== Segment start ==
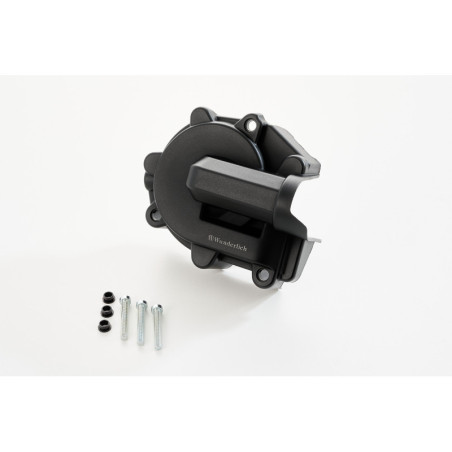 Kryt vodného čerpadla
== Segment end ==
== Segment start ==
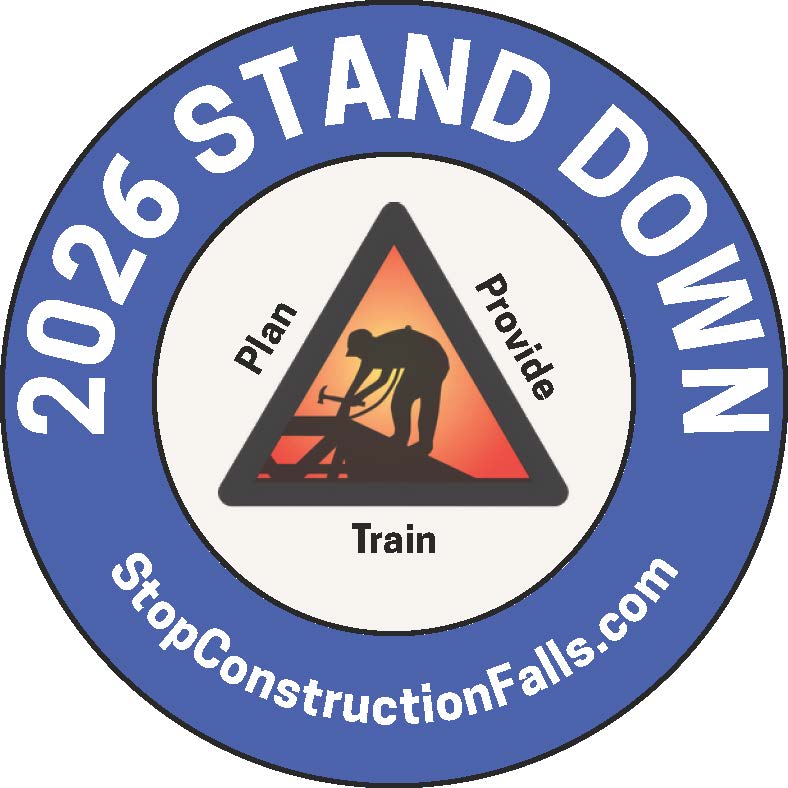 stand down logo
== Segment end ==
== Segment start ==
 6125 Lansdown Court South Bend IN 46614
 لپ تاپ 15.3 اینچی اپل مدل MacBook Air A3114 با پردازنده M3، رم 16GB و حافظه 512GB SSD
== Segment end ==
■ **What is expected**
Extract the lines of the preceding material that run from the line with "6125 Lansdown Court South Bend IN 46614" through the line with "لپ تاپ 15.3", inclusive, reproducing them exactly and adding nothing.

■ **Solution to this exercise**
 6125 Lansdown Court South Bend IN 46614
 لپ تاپ 15.3 اینچی اپل مدل MacBook Air A3114 با پردازنده M3، رم 16GB و حافظه 512GB SSD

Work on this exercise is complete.